Your assignment:
Output begins at the line with "Car image 11" and ends at the last line of the records below. Copy each line in that span exactly, and leave out pictures.

(Captioned web images)
=== Section Start ===

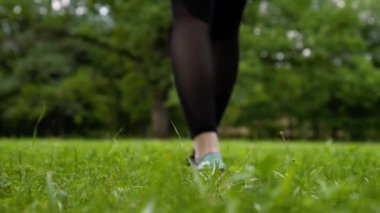 kız doğa yeşil parkta spor ayakkabı kadar bağcıklar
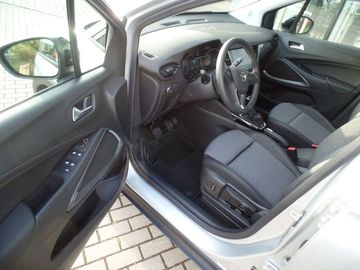 Car image 11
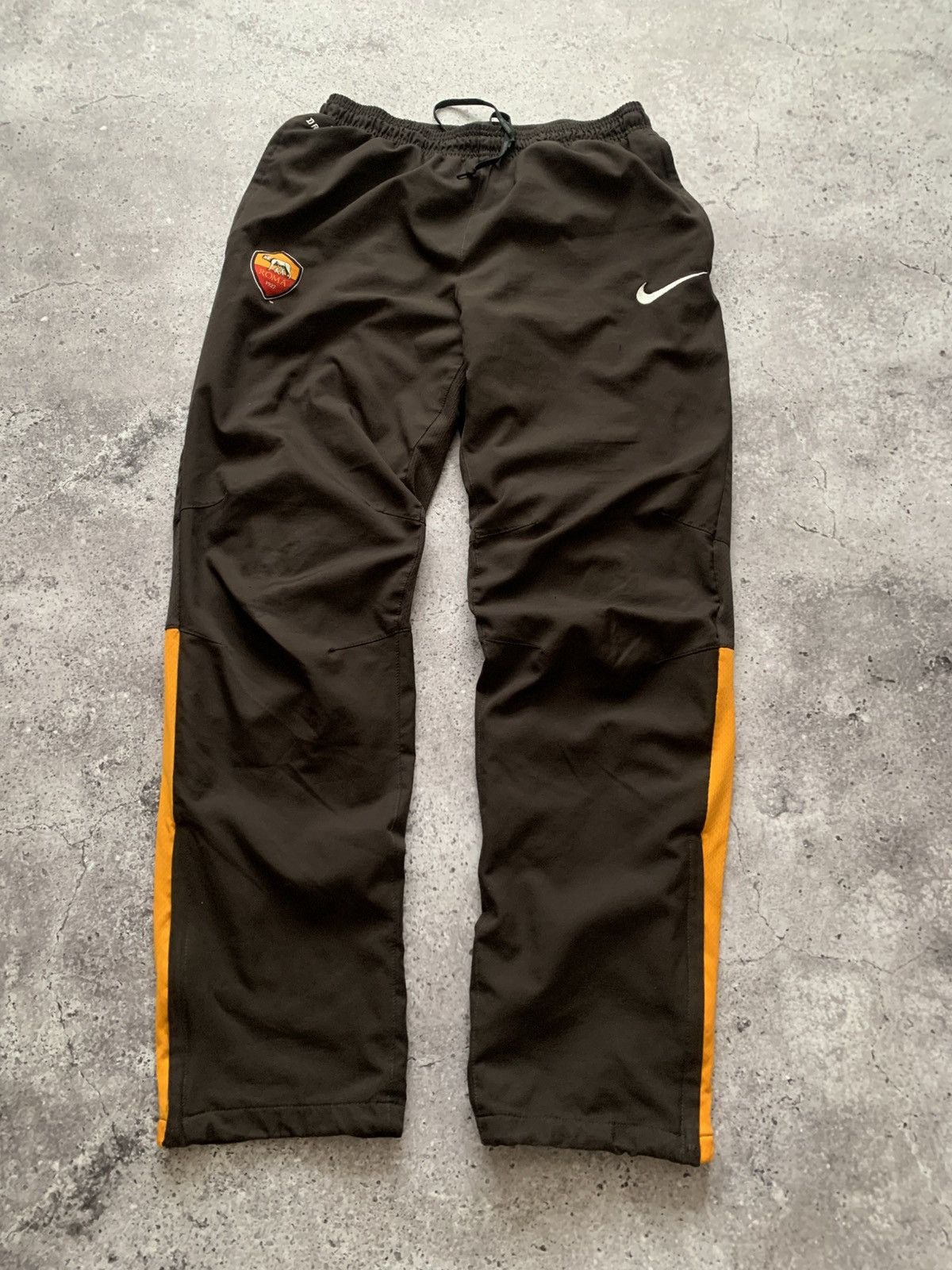 Nike 🔥NIKE ROMA VINTAGE DRILL SOCCER SWEATPANTS Size US 30 / EU 46 - 1 Thumbnail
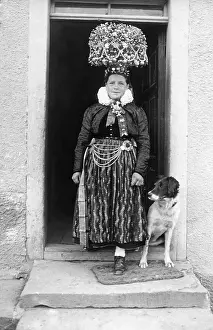 Marry: Bride from the Black Forest with bridal crown, around 1930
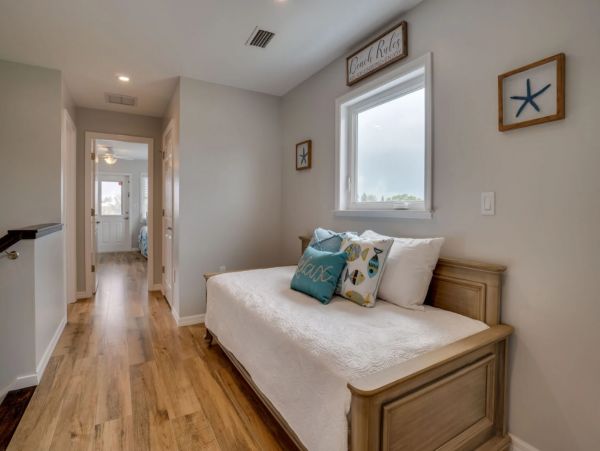 Luxury Holmes Beach 3 Bedroom Pool House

=== Section End ===

Output of the task:
 Car image 11
 Nike 🔥NIKE ROMA VINTAGE DRILL SOCCER SWEATPANTS Size US 30 / EU 46 - 1 Thumbnail
 Marry: Bride from the Black Forest with bridal crown, around 1930
 Luxury Holmes Beach 3 Bedroom Pool House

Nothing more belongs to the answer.